Article Published: August 20, 2016


What does Making Tax Digital mean? HMRC have begun the consultation process in August 2016 and issued six consultations on Making Tax Digital. Here we cover the main points.

What is Making Tax Digital?

  • HMRC is aiming to join up its internal systems creating one account for each taxpayer containing all of their taxes in one place meaning they can view all their payments, and offset overpayments in one tax against underpayments in others. There will be quarterly filing and payment obligations starting with the self employed and landlords and then companies will follow suit. HMRC are consulting on a new penalty regime.
  • There will be a year end declaration, instead of a Self Assessment (SA) return and Corporation Tax (CT) return however, businesses will still need to prepare year end accounts and reconcile the quarterly figures to the year end accounts.
  • The main difference between the year end declaration and a tax return under the current system is that HMRC will pre-populate some of the return figures, e.g. bank interest, income from employment and tax payers will have to check the accuracy of the figures.
  • HMRC will not be providing free software meaning businesses that do not use software or computers will have to do so. This may prove quite a task for businesses that currently do not have an agent having to fork out for software and learn a new system. HMRC will provide online guidance for tax payers.
  • HMRC have announced many small businesses will be exempt from the new regime due to their size.

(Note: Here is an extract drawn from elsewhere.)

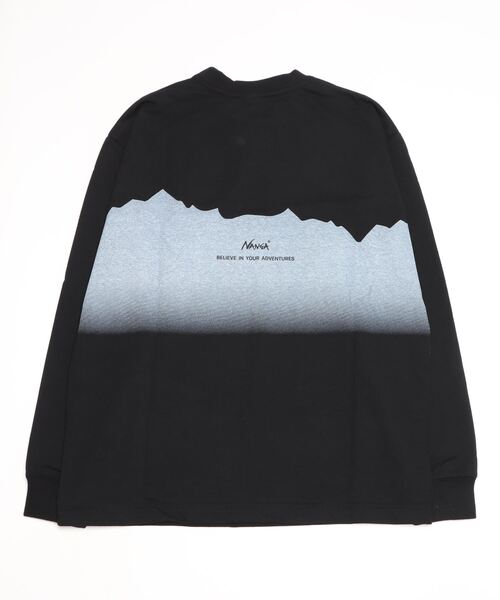 NANGA(ナンガ)の「ECO HYBRID RIDGE LINE PRINT L/S TEE/エコハイブリッドリッジラインプリントロングスリーブティー(Tシャツ/カットソー・メンズ・ホワイト/ブラック・S/M/L/XL)」の13枚目の写真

What are the potential benefits of the move to making tax digital according to HMRC?

  • Cash-basis accounting meaning thousands more will be able to pay tax based simply on the difference between money they have taken in and what they have paid out. It means tradesmen will pay tax on cash received rather than invoices issued.
  • Prompts and alerts to help businesses get tax right and giving advice on tax reliefs they might be missing out on.
  • Greater certainty over tax bills so businesses don’t have to wait until the end of the year to find out how much they have to pay.